Extending llvm-objcopy to support COFF

Currently llvm-objcopy only supports ELF files, and most of it’s command line flags are ELF / DWARF specific that don’t make any sense on COFF files. So a useful set of options for COFF would be largely disjoint, with maybe 1-2 overlapping options. What would be the best way to add this in llvm-objcopy? I can think of 3 options:

  1. Re-write the existing CLI of llvm-objcopy to use subcommands, and put the current set of options behind an ELF subcommand. To me this is the cleanest approach, but it’s also the most disruptive, as existing users of llvm-objcopy would have to retrain themselves to use this new subcommand, and tools / scripts may have to be updated as wells.

  2. Throw in all of the COFF options to the current llvm-objcopy, and just have them be mixed with the ELF options. I think this makes the tool more difficult to use and more confusing, but it is admittedly the simplest approach.

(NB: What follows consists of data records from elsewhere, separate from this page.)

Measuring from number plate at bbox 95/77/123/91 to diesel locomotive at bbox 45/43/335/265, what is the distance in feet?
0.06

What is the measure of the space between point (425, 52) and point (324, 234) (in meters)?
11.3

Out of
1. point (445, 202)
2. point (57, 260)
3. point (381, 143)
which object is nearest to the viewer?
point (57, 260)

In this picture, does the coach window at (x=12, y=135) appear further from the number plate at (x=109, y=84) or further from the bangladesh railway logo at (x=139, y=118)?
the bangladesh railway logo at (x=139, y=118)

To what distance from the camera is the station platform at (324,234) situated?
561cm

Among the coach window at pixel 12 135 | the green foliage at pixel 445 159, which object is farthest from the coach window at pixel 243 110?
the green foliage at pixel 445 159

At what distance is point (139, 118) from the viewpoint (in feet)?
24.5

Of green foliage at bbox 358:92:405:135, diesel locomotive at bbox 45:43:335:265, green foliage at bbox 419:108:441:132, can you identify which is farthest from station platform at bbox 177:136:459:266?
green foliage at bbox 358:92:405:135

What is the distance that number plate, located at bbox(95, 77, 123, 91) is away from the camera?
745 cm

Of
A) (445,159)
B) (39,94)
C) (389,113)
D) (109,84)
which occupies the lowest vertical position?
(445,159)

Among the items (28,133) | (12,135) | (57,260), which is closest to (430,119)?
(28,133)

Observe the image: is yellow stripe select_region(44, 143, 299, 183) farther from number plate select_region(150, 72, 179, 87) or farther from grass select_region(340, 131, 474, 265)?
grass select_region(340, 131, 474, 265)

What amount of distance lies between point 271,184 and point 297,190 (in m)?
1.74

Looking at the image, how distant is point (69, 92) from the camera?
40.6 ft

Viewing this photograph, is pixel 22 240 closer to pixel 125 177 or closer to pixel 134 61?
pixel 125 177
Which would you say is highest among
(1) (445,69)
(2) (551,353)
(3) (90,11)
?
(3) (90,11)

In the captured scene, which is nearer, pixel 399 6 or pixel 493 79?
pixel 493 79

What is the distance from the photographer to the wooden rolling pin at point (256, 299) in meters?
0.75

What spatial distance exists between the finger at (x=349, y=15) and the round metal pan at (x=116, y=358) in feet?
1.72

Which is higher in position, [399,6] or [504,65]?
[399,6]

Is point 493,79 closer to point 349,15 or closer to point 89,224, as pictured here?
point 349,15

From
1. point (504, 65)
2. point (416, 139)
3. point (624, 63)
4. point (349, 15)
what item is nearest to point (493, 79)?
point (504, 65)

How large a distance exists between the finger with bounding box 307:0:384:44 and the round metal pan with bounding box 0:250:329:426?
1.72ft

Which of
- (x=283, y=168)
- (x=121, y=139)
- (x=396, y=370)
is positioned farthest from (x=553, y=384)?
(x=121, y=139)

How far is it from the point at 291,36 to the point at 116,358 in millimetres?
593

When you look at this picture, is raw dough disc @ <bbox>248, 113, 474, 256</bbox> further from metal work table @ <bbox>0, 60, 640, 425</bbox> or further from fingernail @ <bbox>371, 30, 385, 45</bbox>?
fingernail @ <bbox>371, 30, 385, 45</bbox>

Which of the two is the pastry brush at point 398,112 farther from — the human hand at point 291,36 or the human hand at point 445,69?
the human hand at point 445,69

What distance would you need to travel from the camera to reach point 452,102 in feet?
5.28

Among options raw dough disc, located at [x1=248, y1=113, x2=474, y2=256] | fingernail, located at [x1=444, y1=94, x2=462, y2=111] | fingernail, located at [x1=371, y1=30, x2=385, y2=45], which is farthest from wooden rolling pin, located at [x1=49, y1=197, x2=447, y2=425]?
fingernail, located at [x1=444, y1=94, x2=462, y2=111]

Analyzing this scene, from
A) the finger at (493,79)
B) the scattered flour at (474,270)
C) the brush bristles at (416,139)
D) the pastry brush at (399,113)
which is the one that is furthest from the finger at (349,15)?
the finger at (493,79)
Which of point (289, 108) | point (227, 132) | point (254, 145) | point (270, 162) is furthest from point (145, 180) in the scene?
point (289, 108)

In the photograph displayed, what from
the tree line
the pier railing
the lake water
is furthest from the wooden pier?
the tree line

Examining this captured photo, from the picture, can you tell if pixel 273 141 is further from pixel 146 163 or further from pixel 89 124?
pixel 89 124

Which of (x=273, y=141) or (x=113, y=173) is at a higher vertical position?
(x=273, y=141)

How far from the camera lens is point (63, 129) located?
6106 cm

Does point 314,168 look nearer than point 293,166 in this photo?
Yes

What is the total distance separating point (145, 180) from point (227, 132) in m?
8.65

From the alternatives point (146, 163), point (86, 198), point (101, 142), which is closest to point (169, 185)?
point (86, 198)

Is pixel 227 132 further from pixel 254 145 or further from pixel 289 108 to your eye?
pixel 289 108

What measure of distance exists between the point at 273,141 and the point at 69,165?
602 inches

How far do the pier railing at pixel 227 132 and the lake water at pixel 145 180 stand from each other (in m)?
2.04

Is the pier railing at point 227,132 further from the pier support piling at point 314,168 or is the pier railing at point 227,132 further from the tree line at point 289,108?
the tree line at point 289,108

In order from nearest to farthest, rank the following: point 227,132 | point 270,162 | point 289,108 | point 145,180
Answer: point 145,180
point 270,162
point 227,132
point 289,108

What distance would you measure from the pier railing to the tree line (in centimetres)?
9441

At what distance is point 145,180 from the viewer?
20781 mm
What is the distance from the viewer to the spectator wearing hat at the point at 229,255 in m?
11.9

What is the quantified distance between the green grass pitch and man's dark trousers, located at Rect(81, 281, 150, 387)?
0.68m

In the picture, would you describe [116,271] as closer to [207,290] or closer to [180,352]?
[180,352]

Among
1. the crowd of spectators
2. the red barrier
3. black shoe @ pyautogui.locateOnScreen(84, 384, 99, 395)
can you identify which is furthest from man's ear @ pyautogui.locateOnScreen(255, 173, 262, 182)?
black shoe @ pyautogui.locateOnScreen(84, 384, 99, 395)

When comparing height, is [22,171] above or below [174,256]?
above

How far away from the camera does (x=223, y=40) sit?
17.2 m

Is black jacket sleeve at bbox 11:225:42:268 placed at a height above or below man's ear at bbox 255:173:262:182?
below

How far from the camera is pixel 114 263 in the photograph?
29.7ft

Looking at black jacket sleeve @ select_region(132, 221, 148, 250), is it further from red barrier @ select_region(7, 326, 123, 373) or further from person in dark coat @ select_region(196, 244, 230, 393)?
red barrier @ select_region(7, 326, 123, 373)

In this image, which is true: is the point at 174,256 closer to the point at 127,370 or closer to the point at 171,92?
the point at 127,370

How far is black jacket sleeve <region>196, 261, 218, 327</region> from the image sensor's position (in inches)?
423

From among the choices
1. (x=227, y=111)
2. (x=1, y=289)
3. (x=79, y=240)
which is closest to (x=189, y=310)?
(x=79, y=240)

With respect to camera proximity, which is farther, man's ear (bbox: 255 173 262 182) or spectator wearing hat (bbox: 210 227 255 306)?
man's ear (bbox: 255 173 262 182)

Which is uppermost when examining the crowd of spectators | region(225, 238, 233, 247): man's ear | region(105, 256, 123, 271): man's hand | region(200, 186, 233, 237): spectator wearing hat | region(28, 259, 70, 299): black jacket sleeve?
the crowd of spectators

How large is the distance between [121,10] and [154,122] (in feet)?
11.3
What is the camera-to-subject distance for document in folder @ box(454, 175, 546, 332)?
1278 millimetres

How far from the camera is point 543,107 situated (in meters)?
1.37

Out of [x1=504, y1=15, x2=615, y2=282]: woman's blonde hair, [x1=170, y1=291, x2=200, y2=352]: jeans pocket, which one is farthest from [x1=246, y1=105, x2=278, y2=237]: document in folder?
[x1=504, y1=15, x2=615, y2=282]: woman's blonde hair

  3. Make a new tool called llvm-coffcopy / llvm-objcopy-coff, or something to that effect.

Anyone have any thoughts or strong preferences?

Hi Zach!

I’ve been thinking a bit about this for a while now and I’m still of two opinions:

Currently llvm-objcopy only supports ELF files, and most of it’s command line flags are ELF / DWARF specific that don’t make any sense on COFF files. So a useful set of options for COFF would be largely disjoint, with maybe 1-2 overlapping options. What would be the best way to add this in llvm-objcopy? I can think of 3 options:

  1. Re-write the existing CLI of llvm-objcopy to use subcommands, and put the current set of options behind an ELF subcommand. To me this is the cleanest approach, but it’s also the most disruptive, as existing users of llvm-objcopy would have to retrain themselves to use this new subcommand, and tools / scripts may have to be updated as wells.

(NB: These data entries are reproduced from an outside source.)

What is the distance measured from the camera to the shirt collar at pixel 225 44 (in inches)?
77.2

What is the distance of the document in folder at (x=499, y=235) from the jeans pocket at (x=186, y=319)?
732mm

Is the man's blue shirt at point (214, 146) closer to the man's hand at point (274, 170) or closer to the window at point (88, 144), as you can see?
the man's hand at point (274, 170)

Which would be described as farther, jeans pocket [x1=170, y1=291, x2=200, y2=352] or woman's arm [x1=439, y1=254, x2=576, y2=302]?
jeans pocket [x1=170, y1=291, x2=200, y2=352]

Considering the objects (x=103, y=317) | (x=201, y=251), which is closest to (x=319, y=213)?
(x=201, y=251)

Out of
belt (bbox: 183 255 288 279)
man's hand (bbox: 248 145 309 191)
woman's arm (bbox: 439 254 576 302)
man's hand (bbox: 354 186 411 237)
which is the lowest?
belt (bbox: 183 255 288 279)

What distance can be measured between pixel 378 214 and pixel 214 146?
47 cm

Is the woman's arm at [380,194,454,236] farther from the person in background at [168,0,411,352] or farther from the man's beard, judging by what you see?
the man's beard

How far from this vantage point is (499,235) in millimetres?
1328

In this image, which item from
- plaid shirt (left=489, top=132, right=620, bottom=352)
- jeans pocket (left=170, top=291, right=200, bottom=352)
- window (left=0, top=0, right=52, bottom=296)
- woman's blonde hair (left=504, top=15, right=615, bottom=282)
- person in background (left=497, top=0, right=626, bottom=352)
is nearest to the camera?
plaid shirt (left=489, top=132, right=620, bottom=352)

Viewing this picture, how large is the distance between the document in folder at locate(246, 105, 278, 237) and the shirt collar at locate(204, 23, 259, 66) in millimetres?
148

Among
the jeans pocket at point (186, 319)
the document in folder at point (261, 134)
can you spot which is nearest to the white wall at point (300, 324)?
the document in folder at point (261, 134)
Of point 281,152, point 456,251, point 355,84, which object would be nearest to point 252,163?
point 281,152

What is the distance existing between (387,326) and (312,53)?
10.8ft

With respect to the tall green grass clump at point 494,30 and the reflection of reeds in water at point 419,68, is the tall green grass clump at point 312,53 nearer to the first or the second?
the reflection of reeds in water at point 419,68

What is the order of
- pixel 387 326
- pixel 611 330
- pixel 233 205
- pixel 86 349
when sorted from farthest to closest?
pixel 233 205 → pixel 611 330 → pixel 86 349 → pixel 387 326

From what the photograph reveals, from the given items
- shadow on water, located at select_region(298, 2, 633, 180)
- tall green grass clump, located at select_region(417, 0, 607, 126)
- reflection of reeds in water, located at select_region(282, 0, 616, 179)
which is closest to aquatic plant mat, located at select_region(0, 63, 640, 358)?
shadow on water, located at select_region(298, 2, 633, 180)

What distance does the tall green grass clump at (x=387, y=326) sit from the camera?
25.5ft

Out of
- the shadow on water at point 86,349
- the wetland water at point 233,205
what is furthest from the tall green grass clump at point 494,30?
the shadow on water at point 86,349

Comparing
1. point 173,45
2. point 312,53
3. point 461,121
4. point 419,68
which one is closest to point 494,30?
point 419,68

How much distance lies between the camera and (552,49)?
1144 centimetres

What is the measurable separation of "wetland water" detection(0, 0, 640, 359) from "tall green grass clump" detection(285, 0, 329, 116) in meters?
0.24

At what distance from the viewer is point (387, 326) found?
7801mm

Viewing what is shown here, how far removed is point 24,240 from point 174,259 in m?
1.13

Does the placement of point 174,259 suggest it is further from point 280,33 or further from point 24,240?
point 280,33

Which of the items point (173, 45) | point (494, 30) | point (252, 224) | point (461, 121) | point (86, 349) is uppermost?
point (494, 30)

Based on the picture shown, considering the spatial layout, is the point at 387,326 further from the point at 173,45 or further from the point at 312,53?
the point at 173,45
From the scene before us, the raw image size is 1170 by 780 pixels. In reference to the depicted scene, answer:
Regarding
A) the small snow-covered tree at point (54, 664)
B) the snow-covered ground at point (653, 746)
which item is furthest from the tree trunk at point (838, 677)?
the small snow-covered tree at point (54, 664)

I really like this option. I like orderly commands and having an ELF subcommand is really nice, however…

  1. Throw in all of the COFF options to the current llvm-objcopy, and just have them be mixed with the ELF options. I think this makes the tool more difficult to use and more confusing, but it is admittedly the simplest approach.

This is the sort of thing that people expect from using gnu objcopy and so I’m reticent to have a tool with no way to get the “command line expected syntax”.

Mostly what I want is 1 with a shim that gets me 2.

Thoughts?

-eric

Hi Zach!

I’ve been thinking a bit about this for a while now and I’m still of two opinions:

Currently llvm-objcopy only supports ELF files, and most of it’s command line flags are ELF / DWARF specific that don’t make any sense on COFF files. So a useful set of options for COFF would be largely disjoint, with maybe 1-2 overlapping options. What would be the best way to add this in llvm-objcopy? I can think of 3 options:

  1. Re-write the existing CLI of llvm-objcopy to use subcommands, and put the current set of options behind an ELF subcommand. To me this is the cleanest approach, but it’s also the most disruptive, as existing users of llvm-objcopy would have to retrain themselves to use this new subcommand, and tools / scripts may have to be updated as wells.

I really like this option. I like orderly commands and having an ELF subcommand is really nice, however…

While this is tempting, I don’t think that we can break compatibility with existing tools as it is intended to be a replacement. However, we could do something like we did with readobj and readelf. Note that the obj copy from binutils also works with COFF, so that should be supported too.

  1. Throw in all of the COFF options to the current llvm-objcopy, and just have them be mixed with the ELF options. I think this makes the tool more difficult to use and more confusing, but it is admittedly the simplest approach.

This is the sort of thing that people expect from using gnu objcopy and so I’m reticent to have a tool with no way to get the “command line expected syntax”.

Mostly what I want is 1 with a shim that gets me 2.

Thoughts?

I think we are thinking more or less the same thing.

Hi,

It’s not clear to me what you mean by CLI “subcommands”. Would you mind giving a brief example?

Up to now, we’ve been trying to keep llvm-objcopy as close as possible to GNU objcopy, to make transitioning between them easier (I’m thinking in particular things like DWO generation). There are a small number of edge cases/unusual behaviours that we have chosen not to support whilst doing this. I guess the obvious question from me is do we need the same drop-in replacement for COFF support?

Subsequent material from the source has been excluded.